聖フョードル・ヤロスラーヴィチ
Св. Федор Ярославич
ノーヴゴロド公 князь Новгородский (1228-29)
生:1219/20−ペレヤスラーヴリ=ザレスキー
没:1233.06.05−ノーヴゴロド
父:ヴラディーミル大公ヤロスラーフ・フセヴォローディチ (ヴラディーミル大公フセーヴォロド大巣公)
母:フェオドーシヤ (トローペツ公ムスティスラーフ幸運公)
結婚:なし
子:なし
第11世代。モノマーシチ(ヴラディーミル系)。ヤロスラーフ・フセヴォローディチの長男。
フョードルは父の洗礼名。つまりフョードル・ヤロスラーヴィチは、同時にフョードル・フョードロヴィチでもある。このように、自分の名(洗礼名だろうと異教風の名だろうと)を子に与えるというのは、その名を持つ先人(主に聖人)の庇護を願うという、名の持つ呪術的な意味合いからして、これまではあり得なかった。弟にヤロスラーフ・ヤロスラーヴィチというのがいる事実からしても、この頃ようやく異教時代から続いた名前の呪術的な意義が薄れてきたものと思われる。
父は1221年から23年、そして24年から28年と、断続的にノーヴゴロド公を務める。この関係で、フョードル・ヤロスラーヴィチも幼少期の多くをノーヴゴロドで過ごしたらしい。
1228年、父はノーヴゴロド市民の党派対立から事実上公位を追われ、ペレヤスラーヴリ=ザレスキーに帰還(母も)。この時、まだ10歳にも満たなかったフョードルと弟のアレクサンドルが、言わば父の代理として信頼するボヤーリンの手に委ねられてノーヴゴロドに残された。
しかしノーヴゴロドの反対派市民はオーリゴヴィチのミハイール・フセヴォローディチを公として招く。フョードルとアレクサンドルもまたノーヴゴロドから逃れる羽目に陥った。

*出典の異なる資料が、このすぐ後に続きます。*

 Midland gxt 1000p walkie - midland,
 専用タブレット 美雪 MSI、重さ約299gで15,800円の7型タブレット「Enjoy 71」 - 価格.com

1230年、父がノーヴゴロド公に復帰。これに伴いフョードル・ヤロスラーヴィチもノーヴゴロドへ。しかし父はわずか2週間滞在しただけで、再びフョードルとアレクサンドルをノーヴゴロドに残してペレヤスラーヴリ=ザレスキーに戻ってしまった。事実上フョードルとアレクサンドルがノーヴゴロド公になったようだものだが、公式には依然ノーヴゴロド公は父だったし、フョードルたちも父の命に従っていた(ふたりはまだ幼くもあった)。
1232年、伯父のヴラディーミル大公ユーリー・フセヴォローディチの命により、モルドヴァー人遠征に従軍。